## What needs to be done:
The entries need to be copied exactly.

## Material provided:

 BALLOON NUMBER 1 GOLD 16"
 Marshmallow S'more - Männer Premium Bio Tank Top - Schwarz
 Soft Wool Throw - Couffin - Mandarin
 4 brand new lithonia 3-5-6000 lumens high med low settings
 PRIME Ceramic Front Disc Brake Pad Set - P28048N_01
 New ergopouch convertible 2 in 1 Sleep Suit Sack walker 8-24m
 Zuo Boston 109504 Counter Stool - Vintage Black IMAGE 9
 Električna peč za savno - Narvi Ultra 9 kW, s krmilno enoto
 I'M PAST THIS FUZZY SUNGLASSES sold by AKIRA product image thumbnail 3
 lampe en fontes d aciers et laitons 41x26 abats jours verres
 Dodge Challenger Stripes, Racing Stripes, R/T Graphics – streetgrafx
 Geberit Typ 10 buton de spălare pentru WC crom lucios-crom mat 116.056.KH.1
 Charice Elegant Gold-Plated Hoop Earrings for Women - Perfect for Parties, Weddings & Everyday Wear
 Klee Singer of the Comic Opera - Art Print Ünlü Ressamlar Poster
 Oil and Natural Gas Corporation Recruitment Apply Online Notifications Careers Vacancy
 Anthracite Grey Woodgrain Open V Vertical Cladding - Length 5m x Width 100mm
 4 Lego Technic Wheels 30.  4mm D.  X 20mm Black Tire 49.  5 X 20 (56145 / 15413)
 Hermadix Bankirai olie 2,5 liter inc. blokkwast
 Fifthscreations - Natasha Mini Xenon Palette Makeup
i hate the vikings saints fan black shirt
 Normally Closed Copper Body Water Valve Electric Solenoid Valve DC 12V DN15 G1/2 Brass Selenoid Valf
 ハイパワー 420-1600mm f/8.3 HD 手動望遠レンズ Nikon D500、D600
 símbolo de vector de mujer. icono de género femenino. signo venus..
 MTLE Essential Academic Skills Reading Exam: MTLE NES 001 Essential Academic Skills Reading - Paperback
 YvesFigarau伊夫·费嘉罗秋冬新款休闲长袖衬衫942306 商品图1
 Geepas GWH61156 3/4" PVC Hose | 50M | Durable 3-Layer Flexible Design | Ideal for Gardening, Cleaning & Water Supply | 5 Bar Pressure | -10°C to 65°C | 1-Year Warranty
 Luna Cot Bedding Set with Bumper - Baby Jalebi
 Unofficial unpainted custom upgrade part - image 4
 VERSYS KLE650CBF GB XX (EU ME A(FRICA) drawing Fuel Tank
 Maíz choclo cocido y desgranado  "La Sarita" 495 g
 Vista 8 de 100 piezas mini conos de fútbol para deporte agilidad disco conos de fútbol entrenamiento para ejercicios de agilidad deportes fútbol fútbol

## Exercise solution:
 BALLOON NUMBER 1 GOLD 16"
 Marshmallow S'more - Männer Premium Bio Tank Top - Schwarz
 Soft Wool Throw - Couffin - Mandarin
 4 brand new lithonia 3-5-6000 lumens high med low settings
 PRIME Ceramic Front Disc Brake Pad Set - P28048N_01
 New ergopouch convertible 2 in 1 Sleep Suit Sack walker 8-24m
 Zuo Boston 109504 Counter Stool - Vintage Black IMAGE 9
 Električna peč za savno - Narvi Ultra 9 kW, s krmilno enoto
 I'M PAST THIS FUZZY SUNGLASSES sold by AKIRA product image thumbnail 3
 lampe en fontes d aciers et laitons 41x26 abats jours verres
 Dodge Challenger Stripes, Racing Stripes, R/T Graphics – streetgrafx
 Geberit Typ 10 buton de spălare pentru WC crom lucios-crom mat 116.056.KH.1
 Charice Elegant Gold-Plated Hoop Earrings for Women - Perfect for Parties, Weddings & Everyday Wear
 Klee Singer of the Comic Opera - Art Print Ünlü Ressamlar Poster
 Oil and Natural Gas Corporation Recruitment Apply Online Notifications Careers Vacancy
 Anthracite Grey Woodgrain Open V Vertical Cladding - Length 5m x Width 100mm
 4 Lego Technic Wheels 30.  4mm D.  X 20mm Black Tire 49.  5 X 20 (56145 / 15413)
 Hermadix Bankirai olie 2,5 liter inc. blokkwast
 Fifthscreations - Natasha Mini Xenon Palette Makeup
i hate the vikings saints fan black shirt
 Normally Closed Copper Body Water Valve Electric Solenoid Valve DC 12V DN15 G1/2 Brass Selenoid Valf
 ハイパワー 420-1600mm f/8.3 HD 手動望遠レンズ Nikon D500、D600
 símbolo de vector de mujer. icono de género femenino. signo venus..
 MTLE Essential Academic Skills Reading Exam: MTLE NES 001 Essential Academic Skills Reading - Paperback
 YvesFigarau伊夫·费嘉罗秋冬新款休闲长袖衬衫942306 商品图1
 Geepas GWH61156 3/4" PVC Hose | 50M | Durable 3-Layer Flexible Design | Ideal for Gardening, Cleaning & Water Supply | 5 Bar Pressure | -10°C to 65°C | 1-Year Warranty
 Luna Cot Bedding Set with Bumper - Baby Jalebi
 Unofficial unpainted custom upgrade part - image 4
 VERSYS KLE650CBF GB XX (EU ME A(FRICA) drawing Fuel Tank
 Maíz choclo cocido y desgranado  "La Sarita" 495 g
 Vista 8 de 100 piezas mini conos de fútbol para deporte agilidad disco conos de fútbol entrenamiento para ejercicios de agilidad deportes fútbol fútbol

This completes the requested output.